Roy Blunt waited until 12:30 a.m. to give a victory speech after winning re-election to the U.S. Senate in 2016.
In a race that tightened in the final weeks of the campaign, Blunt edged Democratic challenger Jason Kander for a victory of national significance. At the time, Blunt’s re-election gave the Republicans 51 votes in the Senate.
“What a great night for our state,” Blunt said from his headquarters in Springfield, Missouri.
It’s possible to view Blunt’s narrow victory as an optical illusion that reveals different things to different people. Blunt won 49.184% percent of the statewide vote, which was more than 46.392% for Kander. It was enough to send the incumbent back to Washington for another six years.
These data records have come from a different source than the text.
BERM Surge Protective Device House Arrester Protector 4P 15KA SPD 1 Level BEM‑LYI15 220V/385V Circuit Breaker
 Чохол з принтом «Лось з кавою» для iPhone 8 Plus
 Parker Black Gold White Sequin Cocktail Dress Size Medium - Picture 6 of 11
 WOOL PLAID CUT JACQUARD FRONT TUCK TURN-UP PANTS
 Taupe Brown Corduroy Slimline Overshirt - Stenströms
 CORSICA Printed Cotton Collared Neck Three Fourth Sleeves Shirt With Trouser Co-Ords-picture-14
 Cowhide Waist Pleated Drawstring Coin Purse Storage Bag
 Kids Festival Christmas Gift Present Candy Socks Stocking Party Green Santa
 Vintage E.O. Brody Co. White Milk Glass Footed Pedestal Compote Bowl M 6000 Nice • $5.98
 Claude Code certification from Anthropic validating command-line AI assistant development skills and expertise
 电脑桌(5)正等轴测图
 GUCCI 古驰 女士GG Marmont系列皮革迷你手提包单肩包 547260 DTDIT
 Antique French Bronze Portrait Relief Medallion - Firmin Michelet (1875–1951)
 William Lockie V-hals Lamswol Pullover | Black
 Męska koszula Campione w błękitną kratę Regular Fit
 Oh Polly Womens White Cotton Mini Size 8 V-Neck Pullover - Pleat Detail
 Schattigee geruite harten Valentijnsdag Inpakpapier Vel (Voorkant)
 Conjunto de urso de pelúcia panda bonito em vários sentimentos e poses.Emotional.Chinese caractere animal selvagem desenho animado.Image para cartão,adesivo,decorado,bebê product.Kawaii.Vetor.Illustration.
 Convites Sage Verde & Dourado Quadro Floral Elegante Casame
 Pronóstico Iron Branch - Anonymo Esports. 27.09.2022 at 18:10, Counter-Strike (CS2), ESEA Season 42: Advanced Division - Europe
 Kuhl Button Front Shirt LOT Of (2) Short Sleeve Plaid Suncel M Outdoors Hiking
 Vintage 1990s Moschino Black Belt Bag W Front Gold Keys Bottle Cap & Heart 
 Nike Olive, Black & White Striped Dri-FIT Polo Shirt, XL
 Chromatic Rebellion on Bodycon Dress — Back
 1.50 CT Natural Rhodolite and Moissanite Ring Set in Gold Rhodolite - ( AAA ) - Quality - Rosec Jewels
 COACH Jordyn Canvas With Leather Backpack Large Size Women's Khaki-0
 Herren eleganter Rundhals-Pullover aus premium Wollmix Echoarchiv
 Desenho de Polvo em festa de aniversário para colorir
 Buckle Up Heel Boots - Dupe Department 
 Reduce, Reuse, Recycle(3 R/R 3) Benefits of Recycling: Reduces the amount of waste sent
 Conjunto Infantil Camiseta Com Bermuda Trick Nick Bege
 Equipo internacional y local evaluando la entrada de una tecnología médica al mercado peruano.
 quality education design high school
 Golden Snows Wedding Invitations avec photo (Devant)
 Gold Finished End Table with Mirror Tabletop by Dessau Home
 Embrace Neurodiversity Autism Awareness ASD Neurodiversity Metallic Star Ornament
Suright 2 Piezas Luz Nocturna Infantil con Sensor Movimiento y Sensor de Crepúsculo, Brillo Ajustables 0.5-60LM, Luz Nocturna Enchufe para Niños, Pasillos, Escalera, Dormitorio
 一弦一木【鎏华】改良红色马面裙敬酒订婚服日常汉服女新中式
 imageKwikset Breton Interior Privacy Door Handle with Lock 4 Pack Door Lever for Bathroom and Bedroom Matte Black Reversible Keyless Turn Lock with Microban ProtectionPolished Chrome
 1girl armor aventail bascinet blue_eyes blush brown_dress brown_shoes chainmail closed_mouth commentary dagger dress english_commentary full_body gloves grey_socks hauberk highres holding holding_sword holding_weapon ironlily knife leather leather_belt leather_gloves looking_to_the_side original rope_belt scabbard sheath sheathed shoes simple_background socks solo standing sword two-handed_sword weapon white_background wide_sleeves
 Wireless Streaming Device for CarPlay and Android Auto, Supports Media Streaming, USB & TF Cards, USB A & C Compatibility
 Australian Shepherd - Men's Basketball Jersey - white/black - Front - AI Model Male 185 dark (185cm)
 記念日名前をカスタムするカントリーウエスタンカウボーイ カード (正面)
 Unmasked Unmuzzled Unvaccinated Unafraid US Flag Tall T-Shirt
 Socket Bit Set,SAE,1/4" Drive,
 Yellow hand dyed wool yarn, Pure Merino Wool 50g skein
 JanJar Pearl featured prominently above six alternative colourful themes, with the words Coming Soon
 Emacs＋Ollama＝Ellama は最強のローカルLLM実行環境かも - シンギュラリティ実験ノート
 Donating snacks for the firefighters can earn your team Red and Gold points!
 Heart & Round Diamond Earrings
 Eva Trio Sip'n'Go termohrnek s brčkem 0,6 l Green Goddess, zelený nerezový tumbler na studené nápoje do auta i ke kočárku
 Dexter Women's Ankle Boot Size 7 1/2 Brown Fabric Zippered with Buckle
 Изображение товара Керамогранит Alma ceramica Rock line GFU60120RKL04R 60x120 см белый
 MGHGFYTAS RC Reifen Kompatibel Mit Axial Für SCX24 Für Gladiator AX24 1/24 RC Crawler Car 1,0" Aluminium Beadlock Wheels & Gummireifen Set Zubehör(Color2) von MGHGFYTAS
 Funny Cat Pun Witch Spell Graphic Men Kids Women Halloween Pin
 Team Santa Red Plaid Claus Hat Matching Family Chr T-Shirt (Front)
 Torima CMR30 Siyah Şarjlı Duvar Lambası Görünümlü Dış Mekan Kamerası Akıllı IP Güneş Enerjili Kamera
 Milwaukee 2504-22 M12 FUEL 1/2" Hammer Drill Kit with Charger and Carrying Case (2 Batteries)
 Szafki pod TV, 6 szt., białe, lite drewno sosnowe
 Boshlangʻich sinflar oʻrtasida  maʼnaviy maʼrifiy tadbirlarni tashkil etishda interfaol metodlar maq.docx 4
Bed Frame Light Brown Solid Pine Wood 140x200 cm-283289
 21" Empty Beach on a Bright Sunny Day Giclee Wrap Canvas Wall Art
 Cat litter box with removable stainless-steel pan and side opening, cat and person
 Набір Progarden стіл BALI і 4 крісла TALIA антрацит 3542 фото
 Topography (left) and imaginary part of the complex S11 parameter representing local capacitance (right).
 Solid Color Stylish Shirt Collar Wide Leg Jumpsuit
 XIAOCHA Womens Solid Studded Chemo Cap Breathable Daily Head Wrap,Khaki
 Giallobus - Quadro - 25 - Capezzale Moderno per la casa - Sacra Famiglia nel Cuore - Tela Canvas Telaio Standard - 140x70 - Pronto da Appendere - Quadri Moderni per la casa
But an alternative viewpoint is that more than 50% of voters chose someone other than Blunt, mostly Kander but also candidates representing the Libertarian, Green and Constitution parties. Under this perspective, Blunt shouldn’t win until he’s able to obtain a majority of votes — meaning more than 50% — in an instant runoff.
That’s the theory behind a “ranked-choice” voting system that one organization, called Better Elections, is trying to bring to Missouri.
“What we heard on the ground, and what our volunteers and signature-gathering teams heard on the ground, was that people were fed up,” said Scott Charton, spokesman for Better Elections. “They are tired of holding their noses and voting for the lesser of two evils.”
Better Elections is pushing for a constitutional amendment to make two major changes in Missouri. If approved in a statewide vote, Missouri would allow open primaries for all congressional races as well as contests for statewide office and the Missouri General Assembly. Republicans and Democrats would vote for the same slew of candidates, with the top four vote-getters in each primary advancing to a general election that would be determined by a ranked-choice system of voting.
Under ranked-choice, voters in the general election would be asked to pick their top candidate and to rank their next second, third and fourth choices. If the first-place candidate fails to claim a majority, as Blunt did in 2016, the fourth-place finisher would be eliminated. Those who voted for the fourth-place candidate as their top choice would have their second-choice votes reassigned to those particular candidates, with the results recalculated to see if someone claims a majority.
Better Elections gathered 300,000 signatures, more than double what’s required, to get ranked-choice and open primaries on the November ballot. The paperwork was submitted to the Secretary of State’s Office on May 8 so that signature verification can begin. A change to open primaries and ranked-choice voting wouldn’t occur until 2024.
Charton said ranked-choice general elections and open primaries give voters more options and reduce the power of special interests and political parties. Candidates still would be identified on ballots as Republican, Democrat or other parties.
“We care about giving voters more choices,” Charton said. “It’s no surprise political parties wouldn’t want reforms and changes to a system that’s obviously broken.”
Question of legitimacy
State Sen. Dan Hegeman fears that ranked-choice voting would be difficult for county clerks to implement and hard to explain to the public. A switch to a new and more complex system could further erode public confidence in election integrity and the legitimacy of the results, he said.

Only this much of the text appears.